[Work to complete]: The reply should contain the full listing exactly as written and no pictures at all.

[Records provided]:
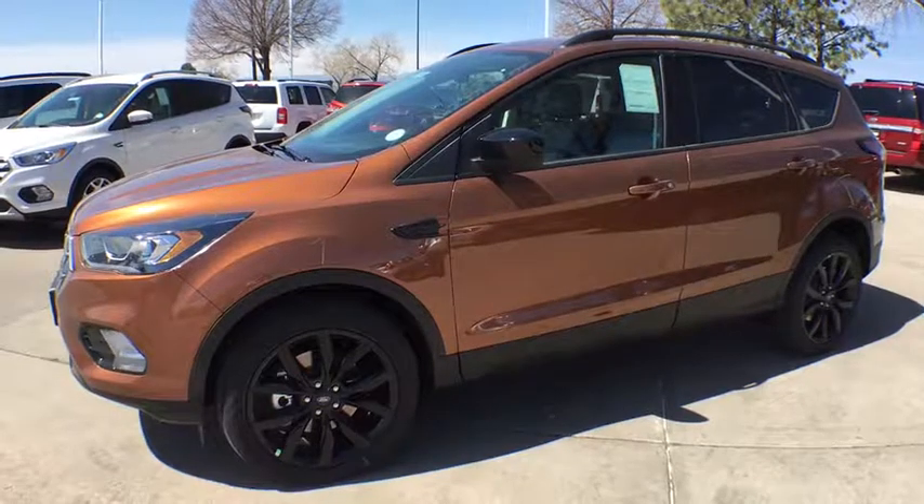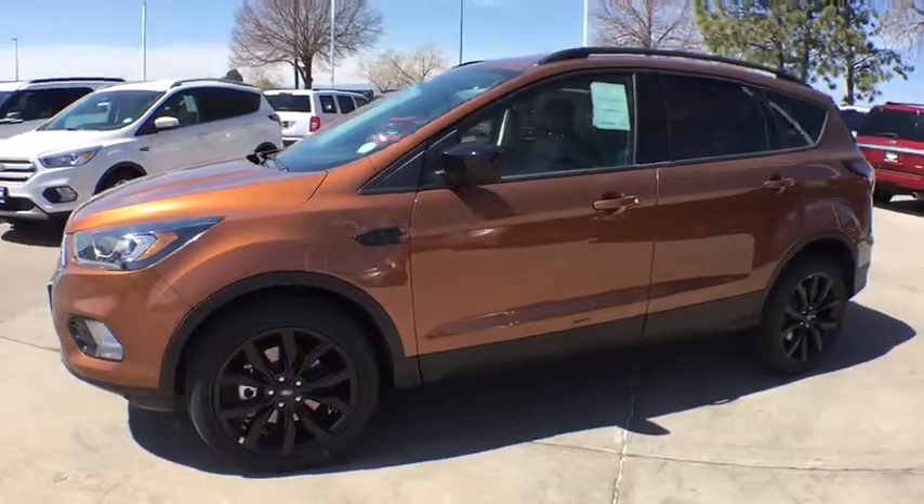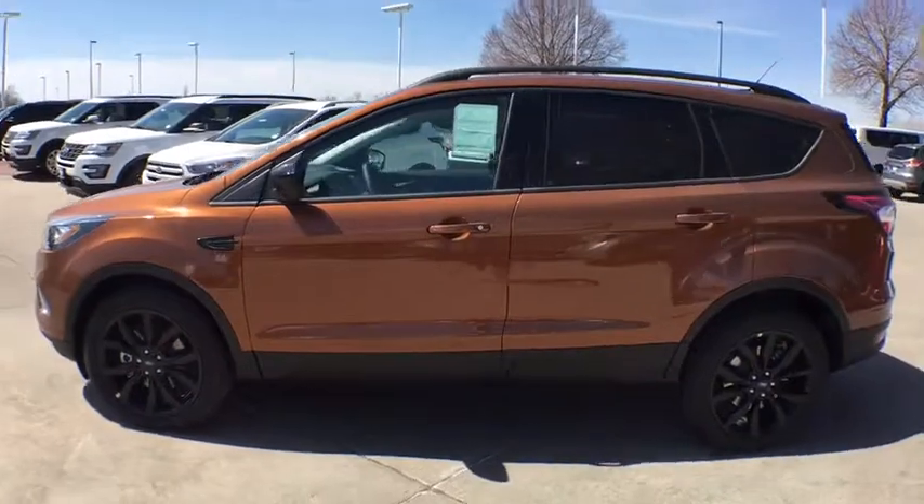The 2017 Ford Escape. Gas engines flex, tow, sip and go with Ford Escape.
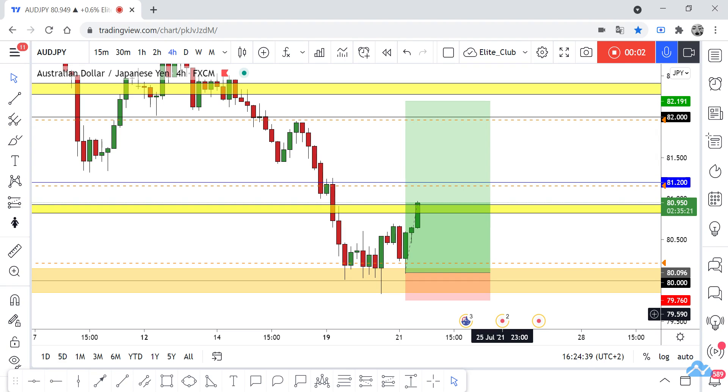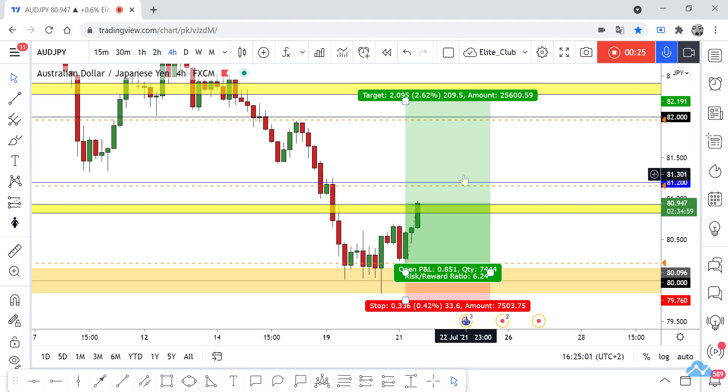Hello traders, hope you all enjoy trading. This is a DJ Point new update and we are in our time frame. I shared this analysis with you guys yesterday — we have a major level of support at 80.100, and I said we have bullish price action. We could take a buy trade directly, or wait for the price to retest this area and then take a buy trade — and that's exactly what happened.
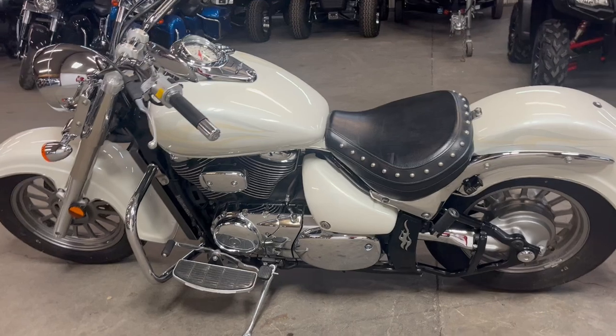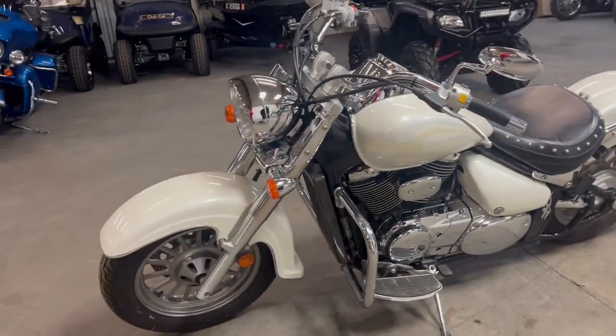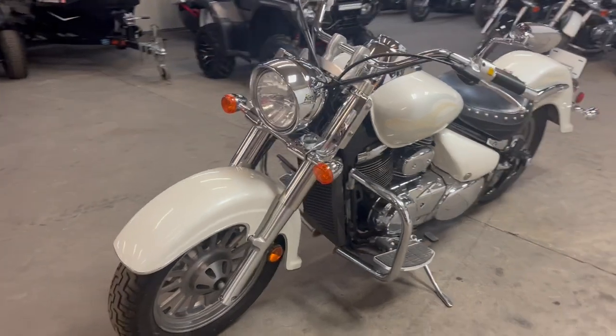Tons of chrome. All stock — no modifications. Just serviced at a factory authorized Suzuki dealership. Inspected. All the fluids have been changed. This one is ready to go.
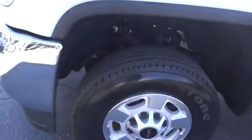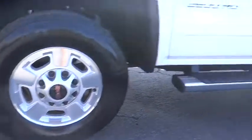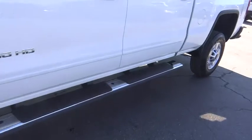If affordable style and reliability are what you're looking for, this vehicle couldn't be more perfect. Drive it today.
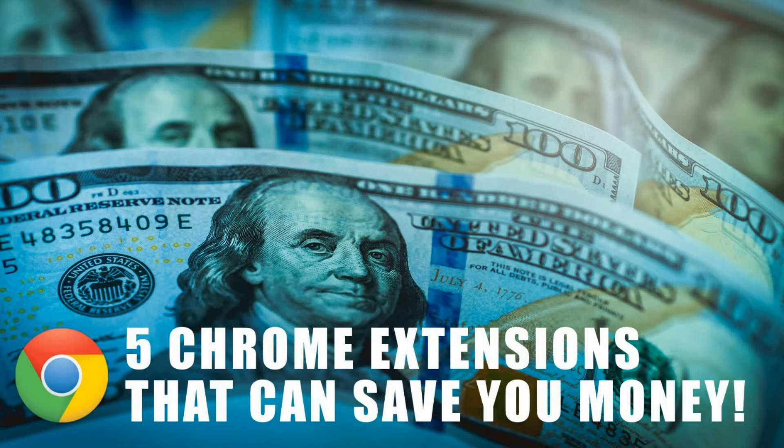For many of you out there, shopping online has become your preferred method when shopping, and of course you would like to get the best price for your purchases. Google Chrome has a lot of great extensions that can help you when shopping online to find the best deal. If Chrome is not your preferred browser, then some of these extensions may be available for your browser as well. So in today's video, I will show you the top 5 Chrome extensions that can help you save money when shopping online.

[Task answer]:
The 2017 Ford Escape. Gas engines flex, tow, sip and go with Ford Escape.
Hello traders, hope you all enjoy trading. This is a DJ Point new update and we are in our time frame. I shared this analysis with you guys yesterday — we have a major level of support at 80.100, and I said we have bullish price action. We could take a buy trade directly, or wait for the price to retest this area and then take a buy trade — and that's exactly what happened.
Tons of chrome. All stock — no modifications. Just serviced at a factory authorized Suzuki dealership. Inspected. All the fluids have been changed. This one is ready to go.
If affordable style and reliability are what you're looking for, this vehicle couldn't be more perfect. Drive it today.
For many of you out there, shopping online has become your preferred method when shopping, and of course you would like to get the best price for your purchases. Google Chrome has a lot of great extensions that can help you when shopping online to find the best deal. If Chrome is not your preferred browser, then some of these extensions may be available for your browser as well. So in today's video, I will show you the top 5 Chrome extensions that can help you save money when shopping online.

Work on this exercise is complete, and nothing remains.